_YOUR GOAL:_ Please give an exact printout of the records, without any pictures.

_INFORMATION GIVEN:_
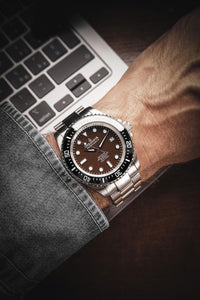 Thumbnail for Oceaneva Men's Deep Marine Explorer II 1250M Pro Diver Watch Black and Brown - BKII200BRST 1000M, 1250M, 316L Stainless Steel Watch, Automatic Watch, BGW9 Swiss-Superluminova, Ceramic Bezel, Dive Watch, Sw200-1 Swiss Automatic Movement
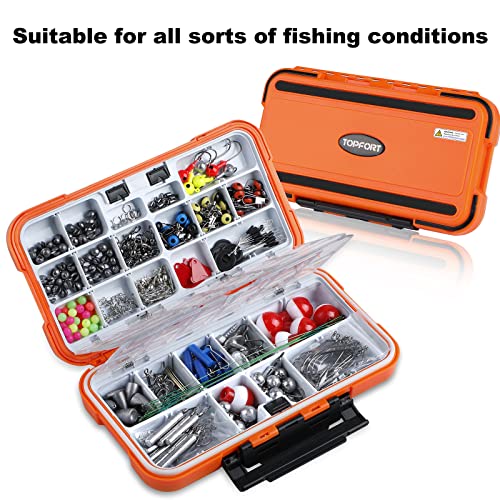 TOPFORT 187/343pcs Fishing Accessories Kit, Including Jig Hooks, Bullet Bass Casting Sinker Weights, Fishing Swivels Snaps, Sinker Slides, Fishing Set with Tackle Box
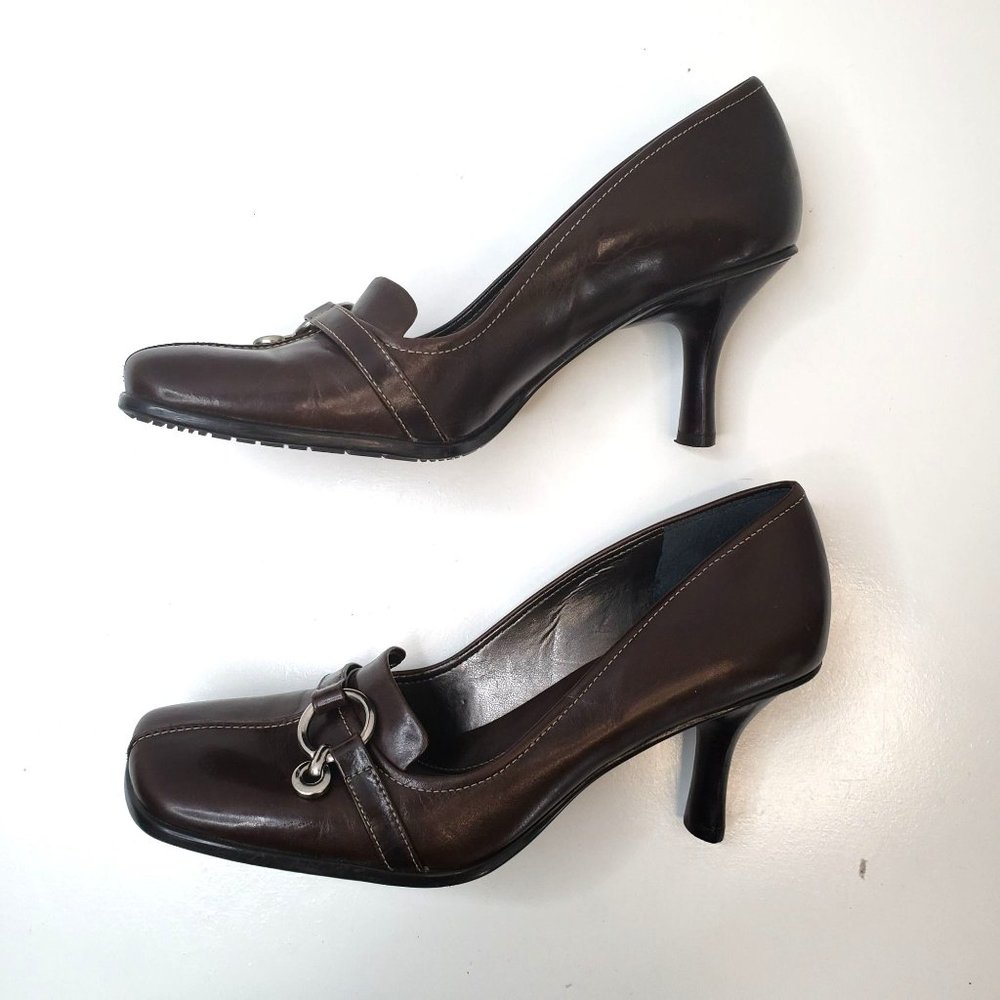 Gianni Bini Square Toe Pump Sz 7 Brown Leather Slip On Heeled Career Dress Shoe - Picture 7 of 11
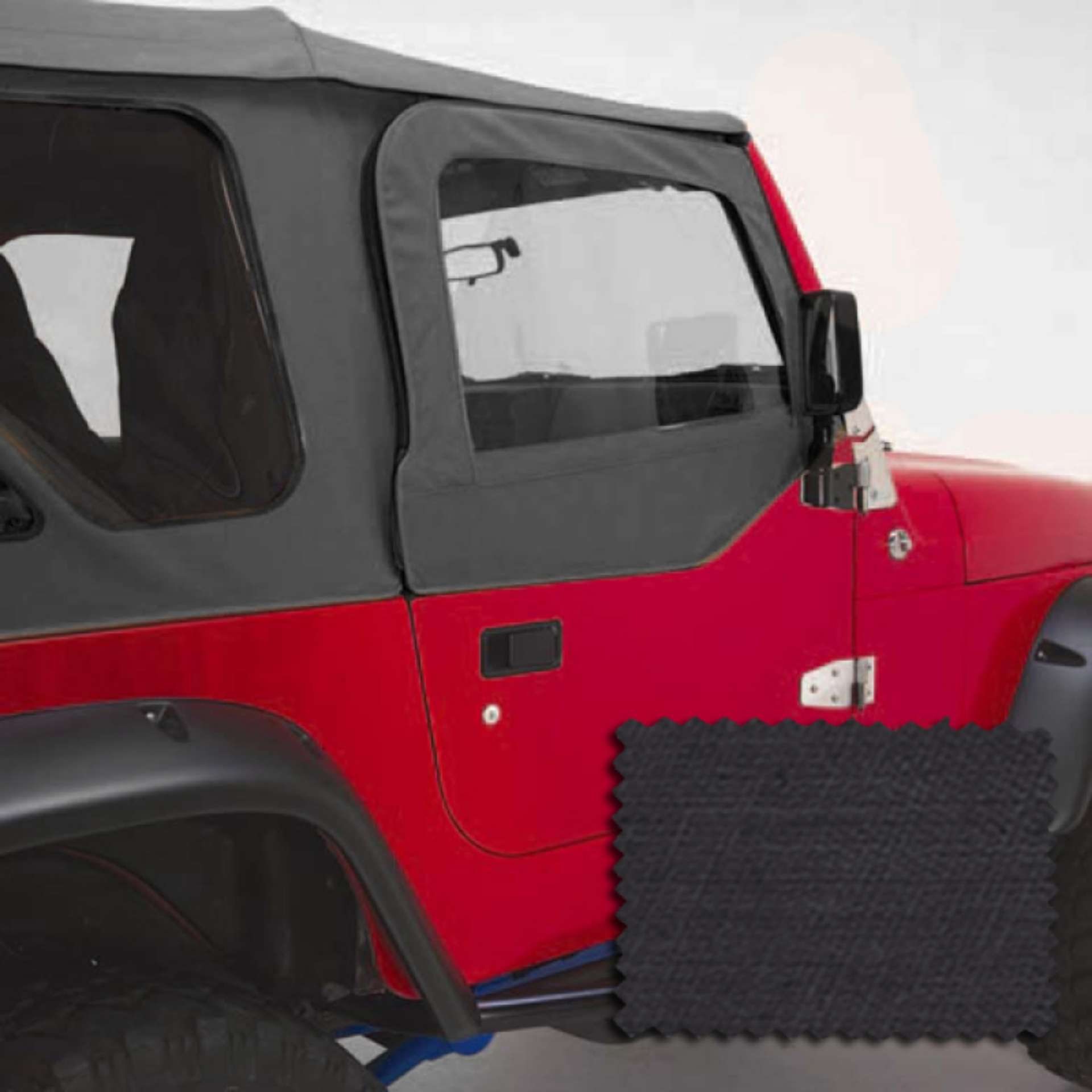 Picture of Rugged Ridge Upper Soft Door Kit Black Denim 97-06 Jeep Wrangler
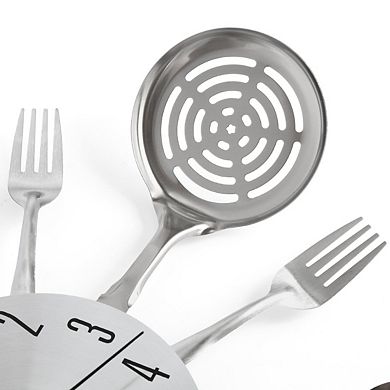 16" Silent Cutlery Wall Clock: Spoon & Fork Dial, Easy Read, Battery Operated, Perfect for Kitchens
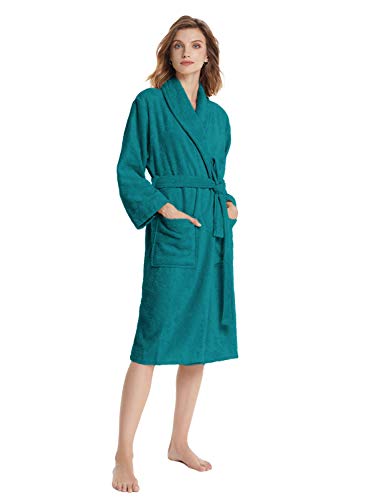 SIORO Terry Cloth Bata de mujer Suave y cálida Albornoces de algodón Spa Piscina Gimnasio Ducha Bata de casa Manga larga Toalla de cuello chal Ropa de dormir con bolsillos, Peacock Small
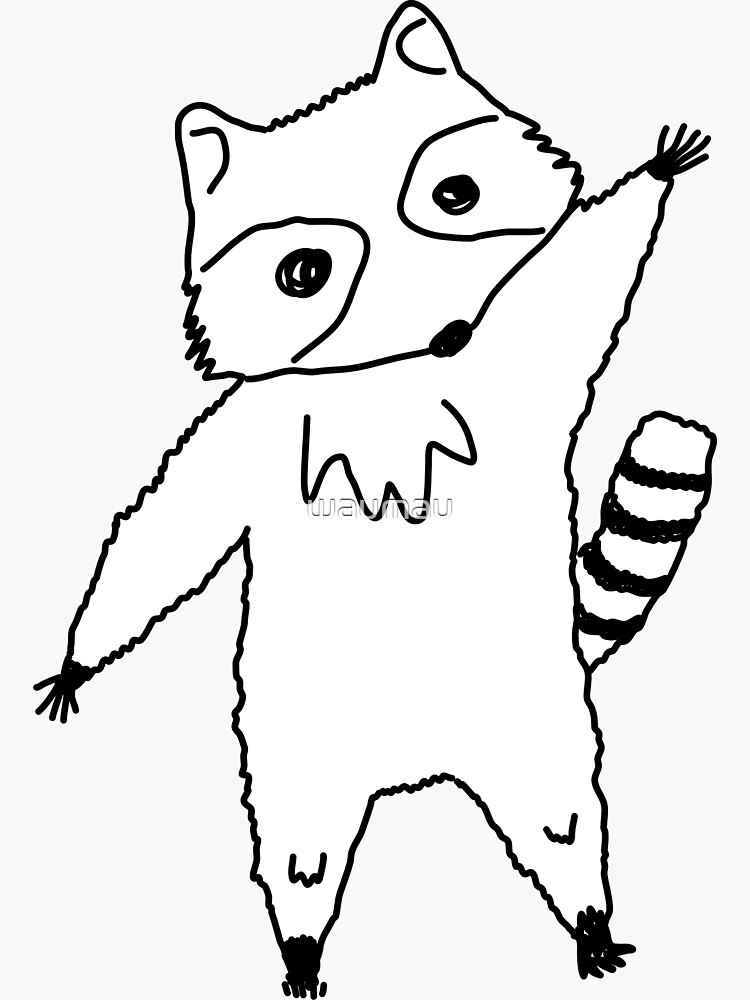 "Friendly Raccoon" Sticker for Sale by waumau Redbubble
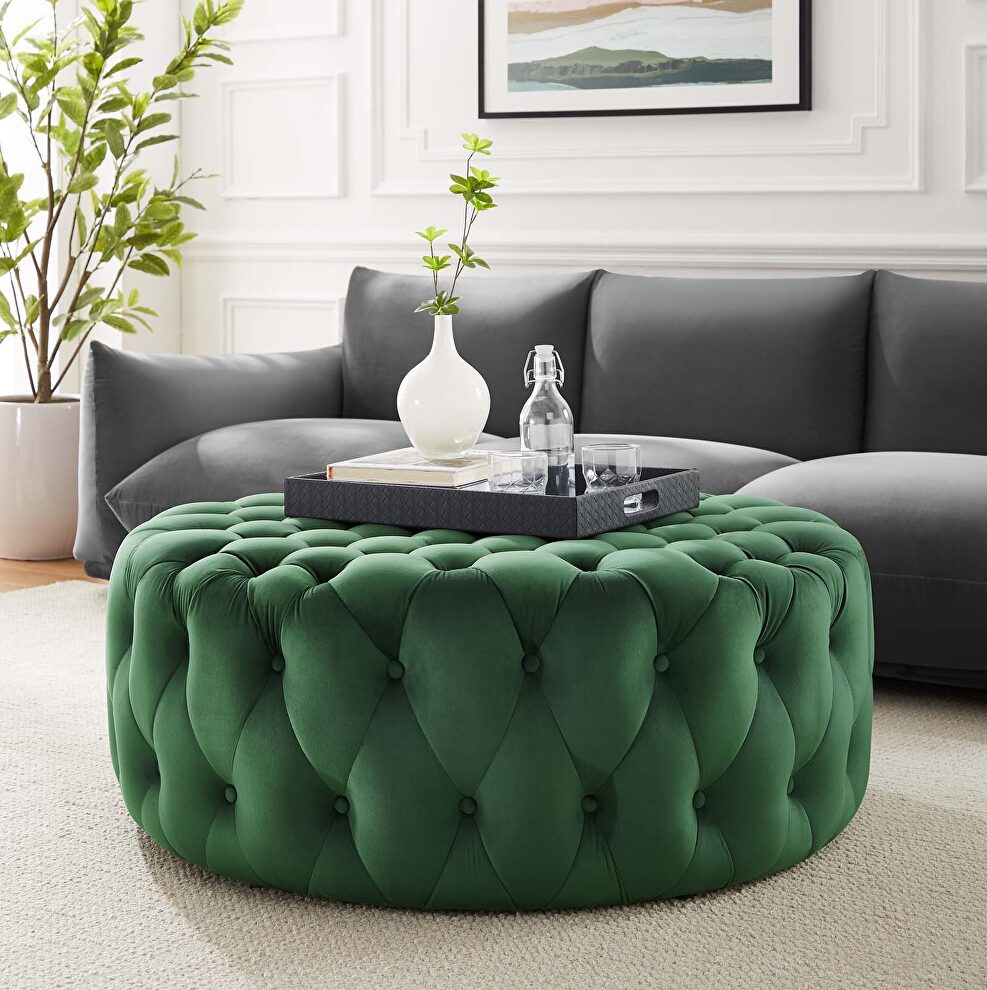 Emerald finish button tufted performance velvet large round ottoman by Modway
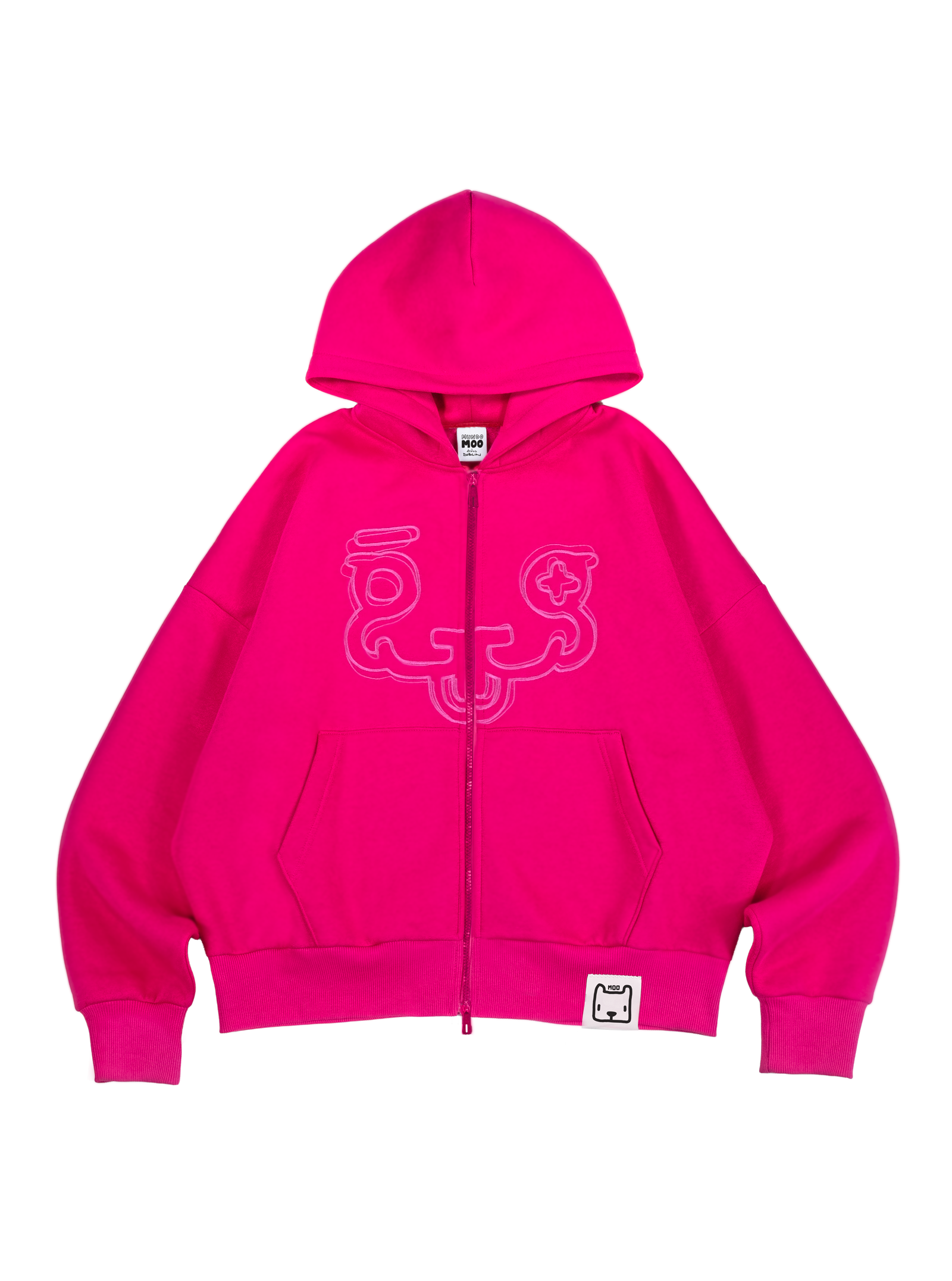 MOO OVERSIZED ZIP HOODIE : RASPBERRY PINK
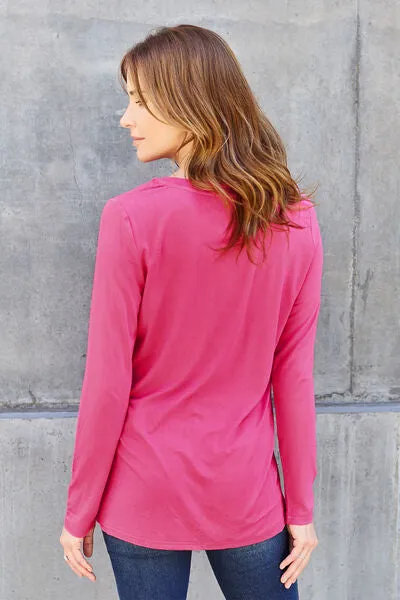 Paulette Basic Bae Full Size V-Neck Long Sleeve Top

_COMPLETED EXERCISE:_
 Thumbnail for Oceaneva Men's Deep Marine Explorer II 1250M Pro Diver Watch Black and Brown - BKII200BRST 1000M, 1250M, 316L Stainless Steel Watch, Automatic Watch, BGW9 Swiss-Superluminova, Ceramic Bezel, Dive Watch, Sw200-1 Swiss Automatic Movement
 TOPFORT 187/343pcs Fishing Accessories Kit, Including Jig Hooks, Bullet Bass Casting Sinker Weights, Fishing Swivels Snaps, Sinker Slides, Fishing Set with Tackle Box
 Gianni Bini Square Toe Pump Sz 7 Brown Leather Slip On Heeled Career Dress Shoe - Picture 7 of 11
 Picture of Rugged Ridge Upper Soft Door Kit Black Denim 97-06 Jeep Wrangler
 16" Silent Cutlery Wall Clock: Spoon & Fork Dial, Easy Read, Battery Operated, Perfect for Kitchens
 SIORO Terry Cloth Bata de mujer Suave y cálida Albornoces de algodón Spa Piscina Gimnasio Ducha Bata de casa Manga larga Toalla de cuello chal Ropa de dormir con bolsillos, Peacock Small
 "Friendly Raccoon" Sticker for Sale by waumau Redbubble
 Emerald finish button tufted performance velvet large round ottoman by Modway
 MOO OVERSIZED ZIP HOODIE : RASPBERRY PINK
 Paulette Basic Bae Full Size V-Neck Long Sleeve Top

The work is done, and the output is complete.